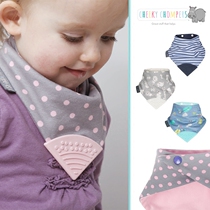Clear cabin Cheeky Chompers baby round mouth baby saliva Tooth Glue Triangle Towel Pure Cotton Warm Scarves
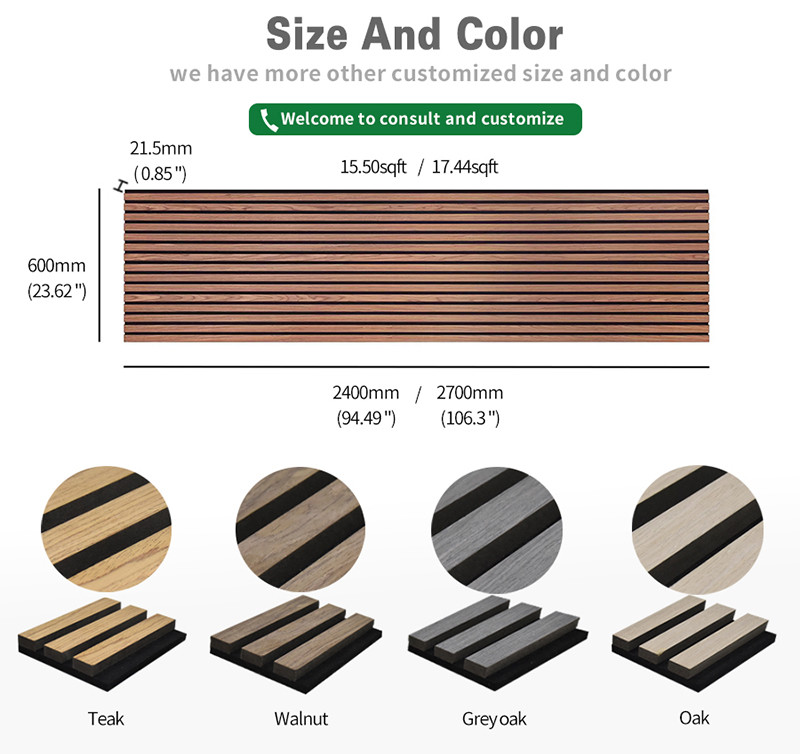 High Quality Sound Absorption 2.4m / 2.7m / 3.0m Wood Slat Akupanel Slatted Wooden Acoustic Panel For Wall or Decoration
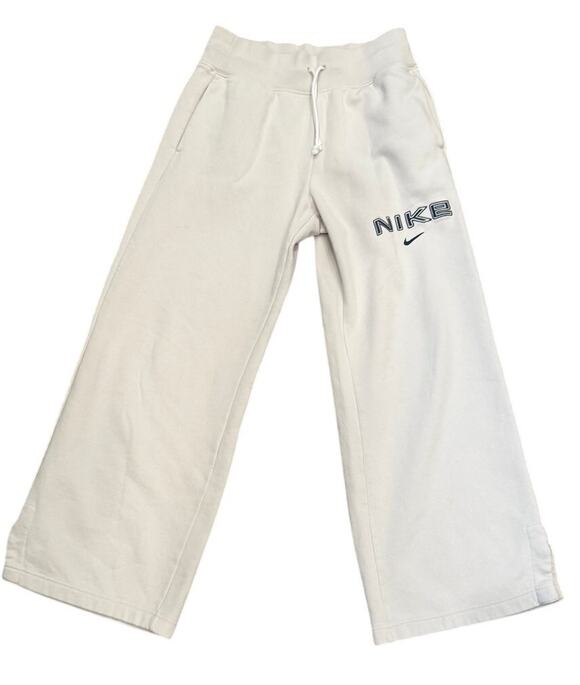 Nike Pants - Nike Sportswear Phoenix Fleece Wide Leg Sweatpants Cream Embroidered Logo Med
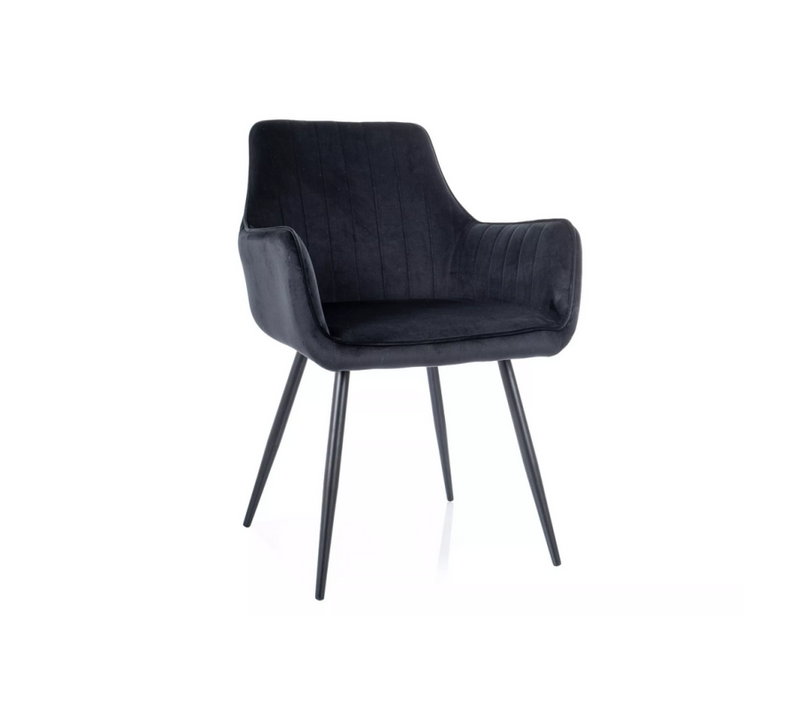 Chaise En Velours "apple Velvet" - Noir - L 57 X H 85 Cm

What to work on:
Lines before the one containing "Nike Pants - Nike" are not wanted; repeat that line and the rest of the listing exactly, leaving out pictures.

Result for this task:
 Nike Pants - Nike Sportswear Phoenix Fleece Wide Leg Sweatpants Cream Embroidered Logo Med
 Chaise En Velours "apple Velvet" - Noir - L 57 X H 85 Cm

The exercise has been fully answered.